A bill was introduced in the W.Va. Legislature to raise the cigarette tax to $1 a pack, a pretty modest increase that would leave W.Va. still well below the national average tax. However, that bill, proposed by the governor, was amended to raise the tax by $1 a pack to $1.55 a pack, right around the national average.
In a Republican-dominated State Senate, the bill passed by a margin of 26-6. Wow. Republicans favoured the bill 12-6, joining 14 Democrats in favour. That blows me away.
The tax increase would raise an estimated $115 million and would help West Virginia balance a severely strapped budget.
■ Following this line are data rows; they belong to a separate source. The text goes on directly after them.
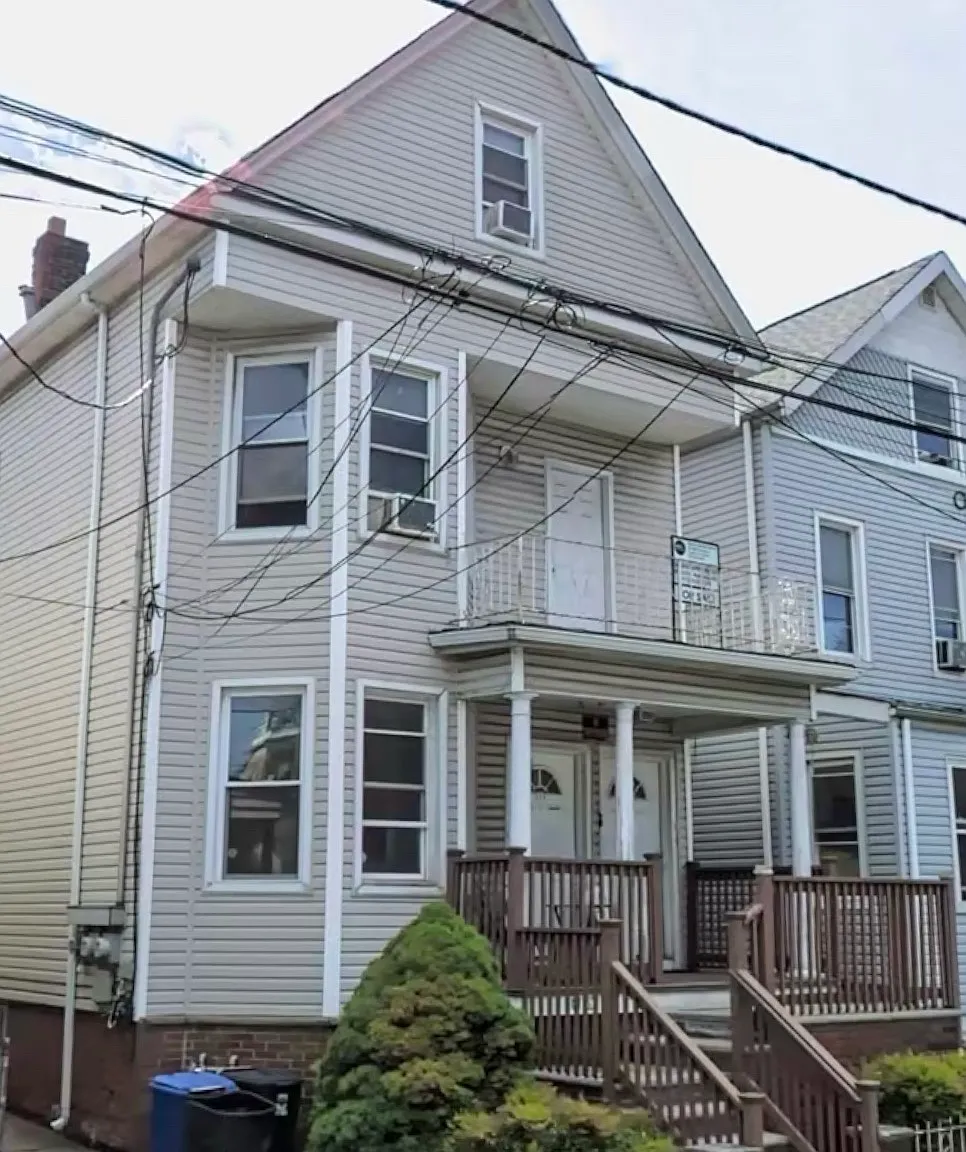 334 Fulton St — Photo 1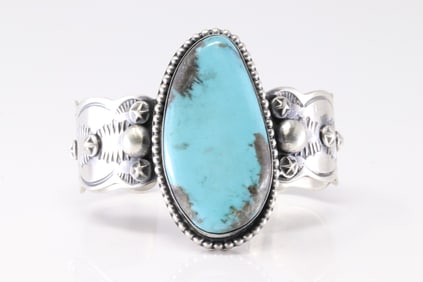 Native America Navajo Sterling Silver Kingman Turquoise Bracelet Cuff By Chimney Butte.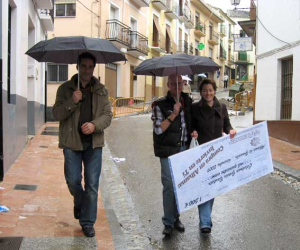 El Cele se gastó los 1.500 euros del premio en dieciséis establecimientos alhameños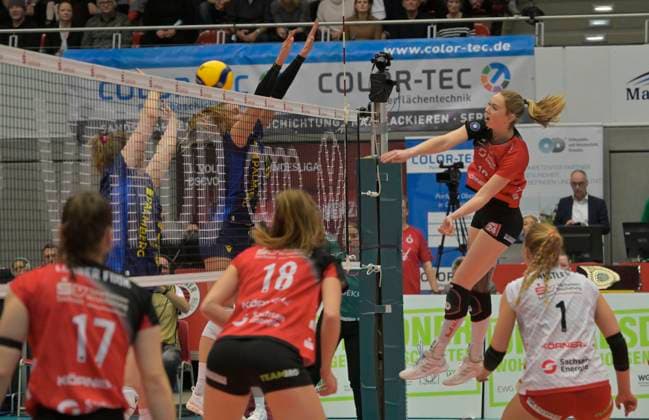 29 12 2024, Dresdens Emma Clothier smashes, Volleyball, 1 Bundesliga, Dresdner SC SSC Schwerin 0 3, c Dresden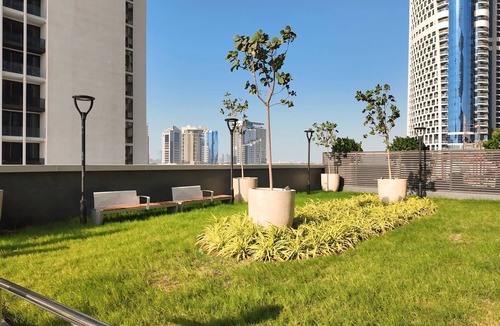 Business Bay Apartment | Regal Living 3B City View King size Bed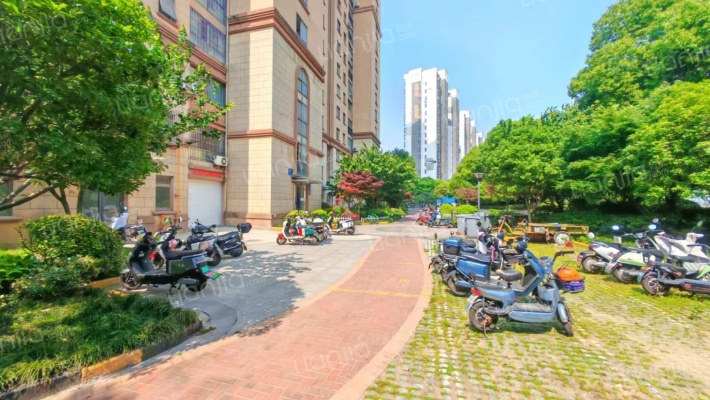 恒泰商业广场外景图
In my mind, more importantly, the tax increase would likely make a dent in West Virginia’s shockingly high smoking rate. Studies have shown that a $1 a pack cigarette tax effectively lowers the smoking rate by 10 percent. It actually does help encourage smokers to quit to hit them in the pocketbook.
Sen. Tom Takubo, R-Kanawha, a physician, noted that 10 times as many West Virginians die from tobacco-related illness as die from narcotics overdoses and said the existing 55-cent-a-pack tax is not enough to motivate smokers to quit.
“You have to hit somebody hard enough in the pocketbook that they say, ‘Now, I’ll quit,’ ” Takubo said.
While tobacco taxes are sometimes seen as inordinately burdensome on the poor, Takubo said smokers spend an average of $4,700 a year on cigarettes, money he suggested would greatly benefit low-income families.
“That’s a big number that can help out a lot of people — that’s cash,” he said.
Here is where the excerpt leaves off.